Fleet News

More crashes caused by overseas drivers

Fleet operators are being warned that the number of accidents involving foreign drivers on the UK’s roads, which are already disproportionately high, will continue to rise.

The warning has implications for companies who employ foreign drivers as well as those who have workers using the UK’s roads.

The advice follows the publication of a new report – European Drivers – Crossing Borders Safely – by the Association of British Insurers (ABI), which found that foreign drivers caused 18,000 road crashes in the UK in 2006 – a 47% rise since 2001.

The most dramatic rise was with Lithuanian drivers, who caused 746 crashes last year compared to just one in 2001.

But it was Polish drivers who caused the most crashes – 3,132 – of any foreign driver group.

Workers who drive abroad must be made aware of the rules of the road in the countries they are driving in, or fleet operators will be failing to meet their duty-of-care obligations.

The advice comes on the back of new research which found that UK drivers were involved in 5,000 accidents while driving in Europe last year.

“More effective action is needed at both a national and European level to ensure that we can enjoy all the benefits of a larger single market without compromising road safety,” said Stephen Haddrill, ABI director general.

The ABI has called for improvements in the sharing of information.
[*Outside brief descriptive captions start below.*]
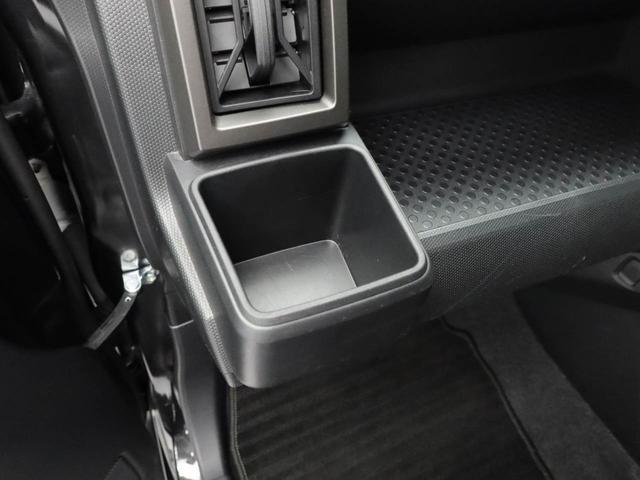 タフトＧターボ　クロムベンチャー　ドラレコ　ナビ　ＥＴＣ　ターボ車ドラレコ　ナビ　テレビチューナー　バックカメラ　ＥＴＣ　キーフリー　イモビライザー　アイドリングストップ　ターボ車　アルミホイール　ＬＥＤヘッドライト　ワンオーナー　禁煙車（愛知県）の中古車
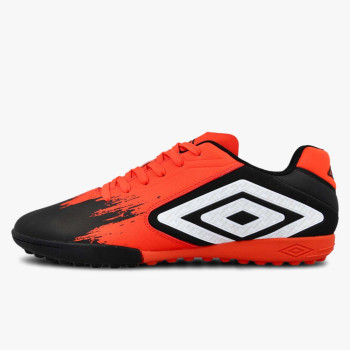 Umbro Sweeper Truf 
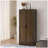 DELANEY     2-DOOR WARDROBE-1015433609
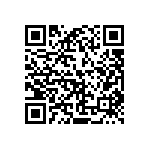 D38999-26FF32PE QRCode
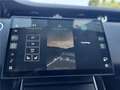 Land Rover Range Rover Evoque P270e PHEV AWD BVA8 Midnight Edition Fuji White Wit - thumbnail 22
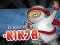 Žaidimas Flight Of The Ninja internete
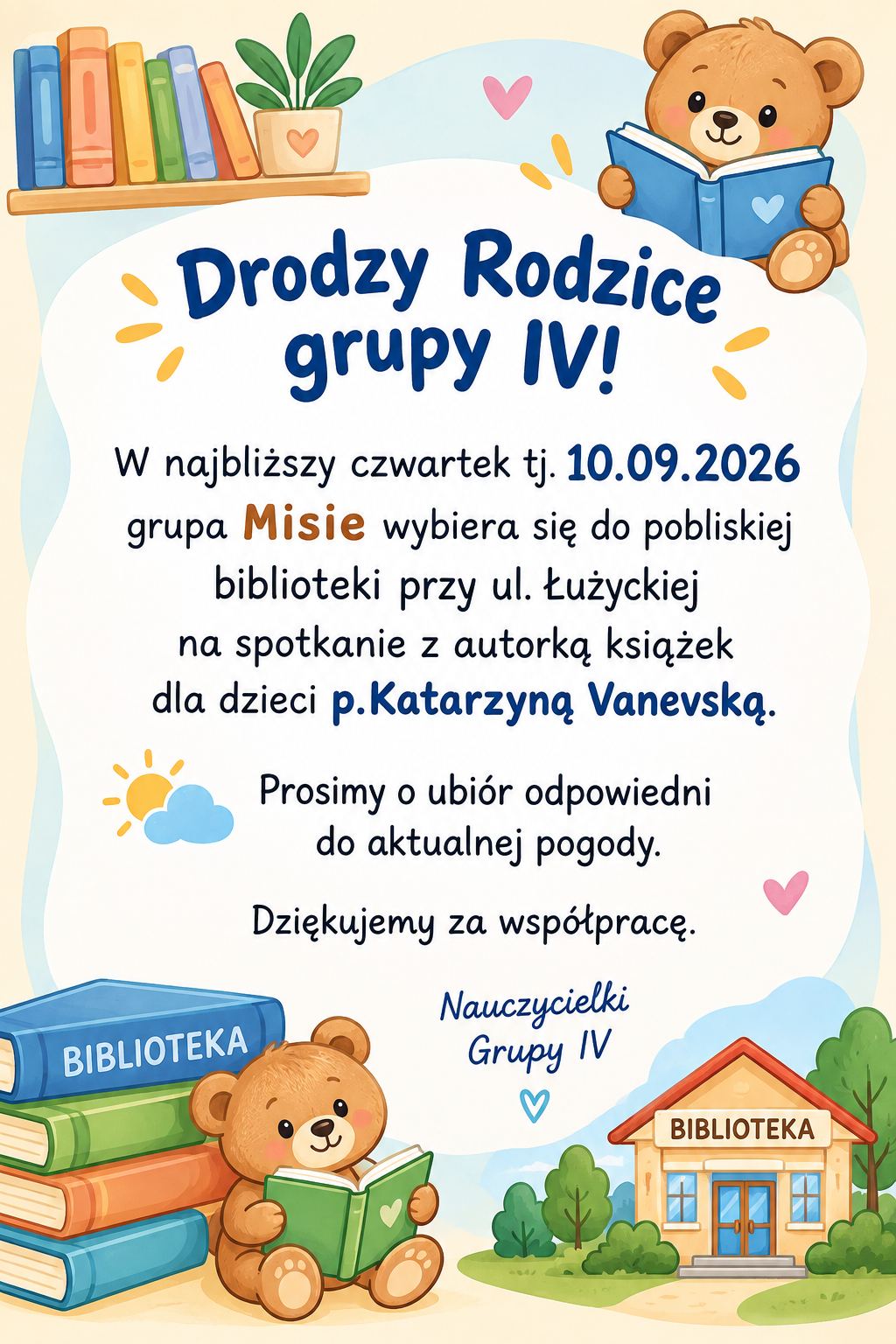 1677f637-3211-4df7-ab06-caa8b93b8484.jpg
So far just 11 countries have signed up to the EUCARIS system, which allows driver and licence information to be checked by other EU countries.

With so few countries signing up to EUCARIS, it remains difficult for fleet managers to check the validity of a foreign driver’s licence or whether it has endorsements.

Cathy Keeler, from road safety charity Brake, said: “This report confirms what Brake already feared: the lack of coordination of driving legislation and enforcement across Europe means drivers feel they can get away with not sticking to, or understanding, local laws.”

A coalition of motoring and road safety groups has been established by the ABI to investigate the extent of the problem and recommend action.